ヤフーは12月1日、ウォルト・ディズニー・ジャパンのネット事業部門であるウォルト・ディズニー・インターネット・グループとモバイルサービスを共同展開することで合意したと発表した。第1弾として携帯向けサイト「Disney Collection on Yahoo!モバイル」をオープン、ディズニーキャラクターの待受画像、着メロなどのサービスを提供する。
コンテンツの決済には、ヤフーの課金システム「Yahoo!ウォレット」を利用する。今後は、Yahoo!メッセンジャーやYahoo!オークション、Eコマースなどの分野でも協力を深める構え。
ヤフーの井上雅博社長は、ディズニーとの提携によりYahoo!JAPANのモバイルインターネット事業は次期フェーズに移行するとコメント。同社の戦略に言及した。
固定のインターネット業界で確固たるブランドを確立したYahoo!JAPANだが、モバイルの世界でも各種サービスを提供してきた。
iモード、EZweb、ボーダフォンライブ!の3キャリアに対応するYahoo!モバイルは、2004年10月時点で1日約1600万ページビューを集めるサイトに成長。PC同様、サイト検索、オークション、掲示板、乗り換え案内などのサービスが用意されている。

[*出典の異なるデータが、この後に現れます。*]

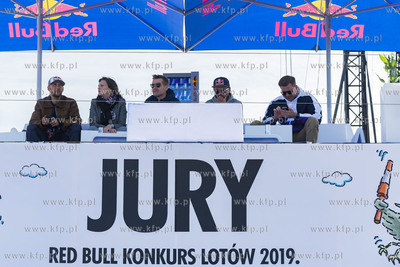 Red Bull Konkurs Lotów w Gdyni. Nz. Łukasz Czepiela,...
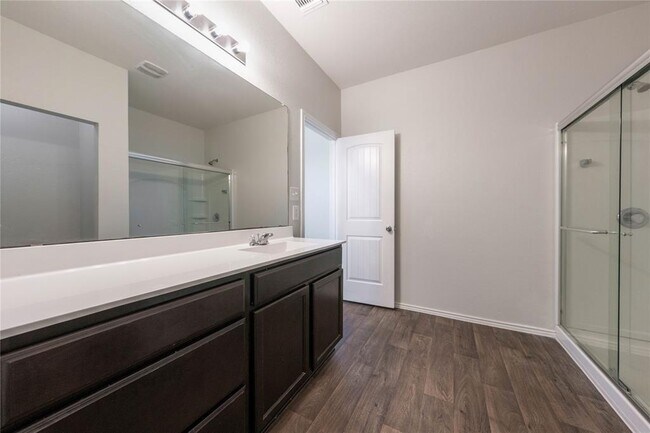 Building Photo - 15106 Kent Justin Dr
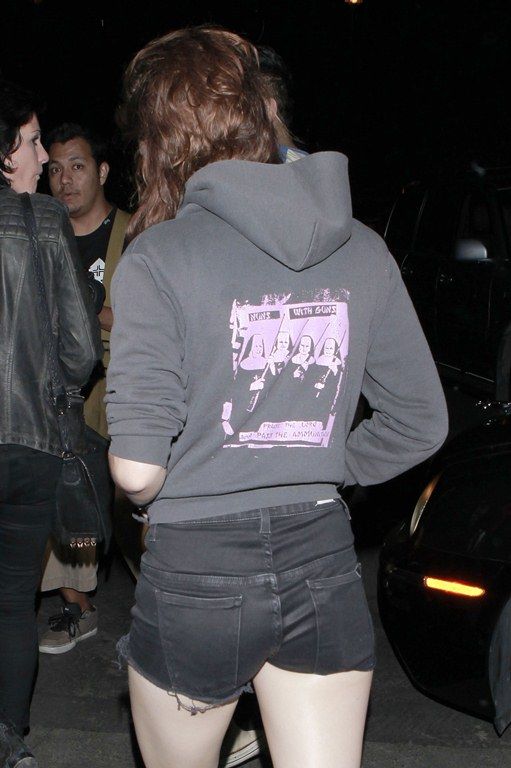 Кристен Стюарт после концерта Florence and the Machine Photobucket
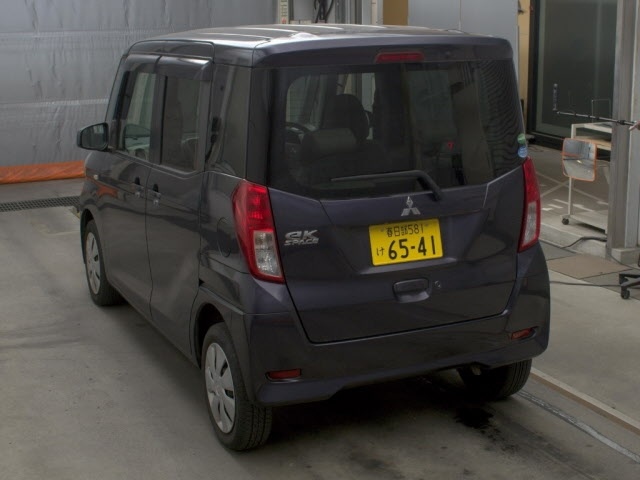 MITSUBISHI EK SPACE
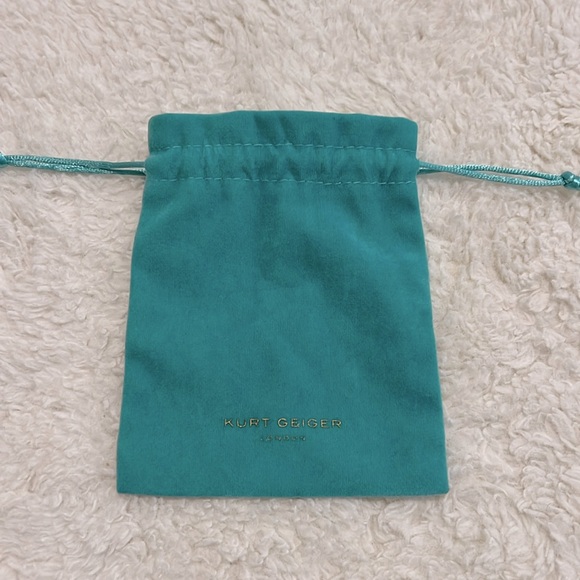❤️ Kurt Geiger Travel Jewelry Storage Dust Bag NWOT - Picture 1 of 5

井上氏は、ディズニーのような力のあるコンテンツプロバイダと提携したことで「第2フェーズに入る。今日がその第一弾」と話す。今後もディズニーに留まらず、多くのコンテンツプロバイダを巻き込んで事業を拡大したい考えだ。
背景には、2006年夏にも始まるといわれる番号ポータビリティ(MNP:Mobile Nuber Portability)がある。井上氏は、今のままではMNPは不完全だと指摘する。
「データ通信が増える中で、(機種変更時の)コンテンツのポータビリティは十分でない」(同)。現状、携帯コンテンツは各キャリアの“公式コンテンツ”が中心。キャリアの乗り換えを行った場合、契約関係をスムーズに移行させることは不可能で、そもそも同じ内容のサービスが移行先のキャリアにない場合もある。
ヤフーが打ち出すのは、3キャリアすべてに対応したサイトであるYahoo!モバイルを利用した、キャリア非依存のサービス。前述のとおり、独自の決済プラットフォームであるYahoo!ウォレットを利用するため、コンテンツ課金がキャリアと切り離して行われる。MNP開始で電話番号のポータビリティが確保されれば、ユーザーの自由度は完全になる――とアピールする。
もっとも、ユーザーに受け容れ入れられるにはiモードやEZweb、ボーダフォンライブ!同様のコンテンツの品揃えを実現できるかがカギになる。
この点、ヤフーはディズニー以外の“第2弾、第3弾”を明らかにしていない。コンテンツプロバイダが同社プラットフォームに参加するための、審査基準なども特に公開されていない。
井上氏の話を聞く限り、この点は個別に対応していく方針のようす。井上氏はまた、各コンテンツプロバイダとの提携交渉が「ディズニーさんのときほど大変でないようにしたい」と、苦笑まじりにコメントしていた。